Open mrchristian opened 1 year ago
@Mahvish will run the HTML zo Markdown Python script - once she has joined the semanticClimate GitHub organisation. The repository with the script is linked above and the script can be found in the python directory. I will pass along instructions for use from Simon Bowie.
Quote from Simon Bowie:
I wrote a relatively basic Python script (https://github.com/SimonXIX/quarto_semanticclimate/blob/main/python/quarto_markdown.py) which takes HTML as input, processes the HTML, converts it to Markdown, and then processes the Markdown before outputting to a .qmd file.
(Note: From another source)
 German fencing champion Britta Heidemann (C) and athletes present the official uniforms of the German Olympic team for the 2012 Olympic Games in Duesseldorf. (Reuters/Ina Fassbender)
The HTML generated from the IPCC report was fairly messy so various bits of processing were required on the HTML to convert the styles in the header to HTML styles that the Markdown converter could understand. The processing on the Markdown is to tidy it up and make the converted text look better in Markdown format.
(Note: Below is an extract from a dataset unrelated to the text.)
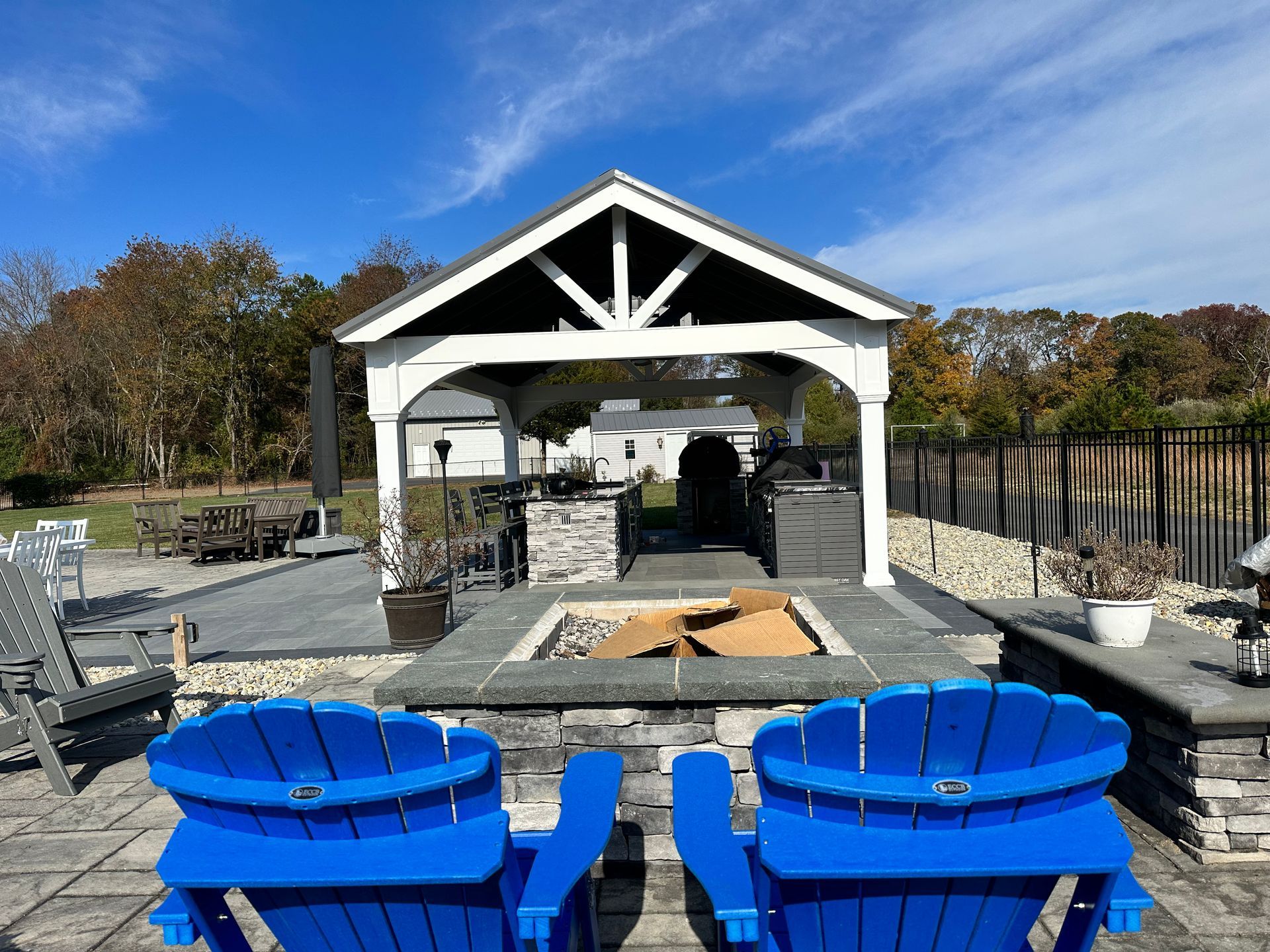 Two blue Adirondack chairs face a stone fire pit under a white gazebo on a patio.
At the most basic level, the HTML to Markdown conversion is done using the markdownify module: https://pypi.org/project/markdownify/
This is run using python3 ./python/quarto_markdown.py
.
The input I used was https://github.com/petermr/semanticClimate/blob/main/ipcc/ar6/syr/lr/html/fulltext/groups_groups.html and the output can be seen through Quarto rendering at https://simonxix.github.io/quarto_semanticclimate/groups_groups.html
End quote
Hi @06maHi do you want to have a go at running the Python script Simon Bowie has added here, you can fork this repo if you like. Please feel free to ask any questions or reach out for help if you need it. You dont need to run Quarto as well - but you can if you like - info here https://nfdi4culture.github.io/FSCI-Class-Publishing-from-Collections/#_5_0
hello @mrchristian I have installed markdownify package to convert html into markdown. Let me know if this is the correct one. Also I will need some help using it.
The first step would just be to see if script runs in a fork of your own.
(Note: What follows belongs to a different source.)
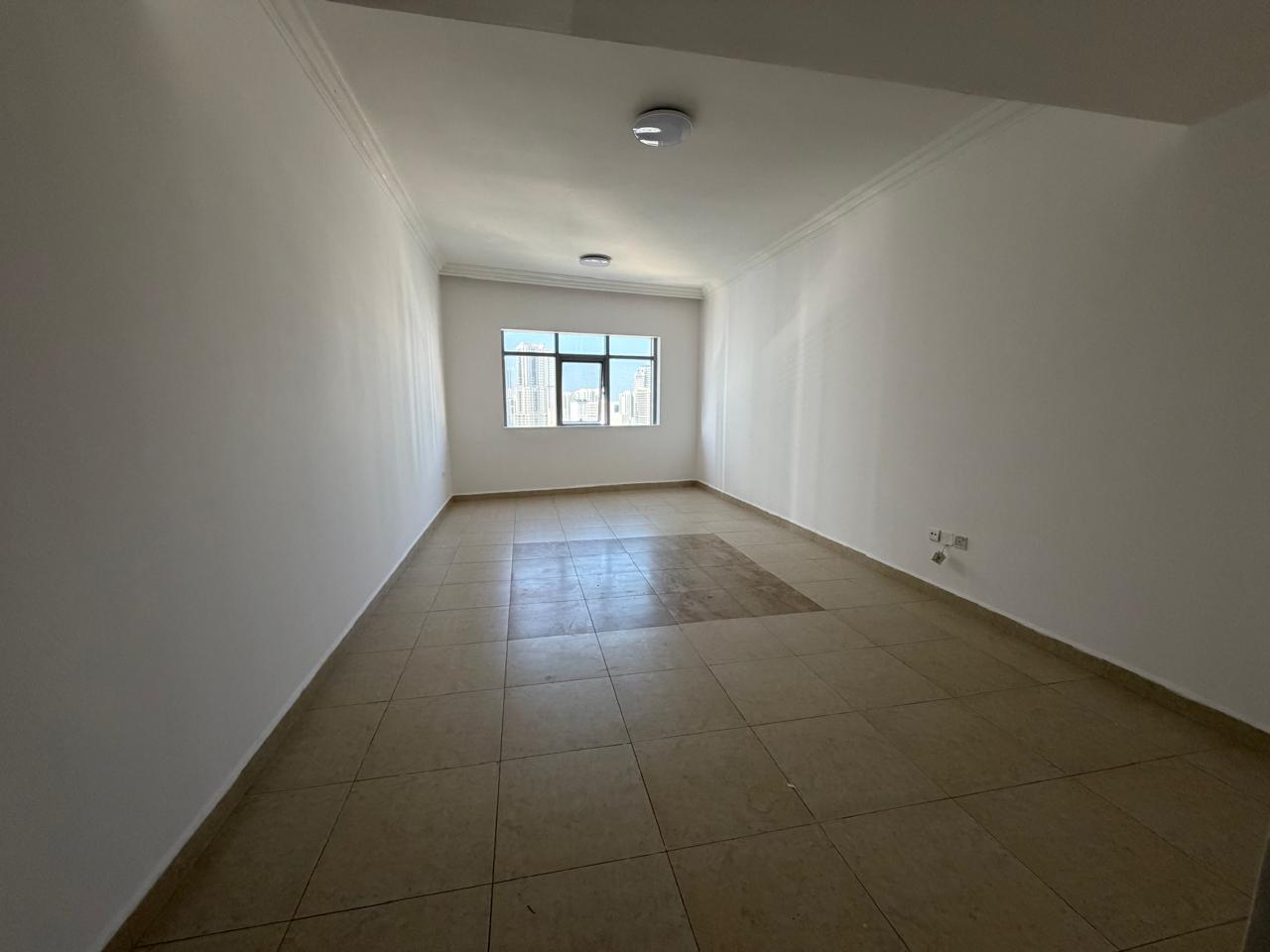 Stunning View | Largest 1BHK | Balcony with View | Free Parking | Central AC | Prime Location Near Dubai Exit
To run the HTML to Markdown you only need to run the script in the directory /python - you dont need to run Quarto - although you can if you like
the requirements need installing - https://github.com/semanticClimate/city-climate-plans-notebook/blob/main/python/requirements.txt
script - https://github.com/semanticClimate/city-climate-plans-notebook/tree/main/python
I think in script we'd have to change local paths, also check if HTML from PMR gets copies across first.
A few questions: Did you edit the local paths to get the script to work? Are you running it on a Clone or Fork repository? If your up for it I would suggest trying to install the Quarto framework - instructions are in the README.md https://github.com/semanticClimate/city-climate-plans-notebook/blob/main/README.md and you can read more here about install and use https://nfdi4culture.github.io/FSCI-Class-Publishing-from-Collections/
Yaa I have edited the local path and also used fork repo. I will go for quarto installation once I am back to work.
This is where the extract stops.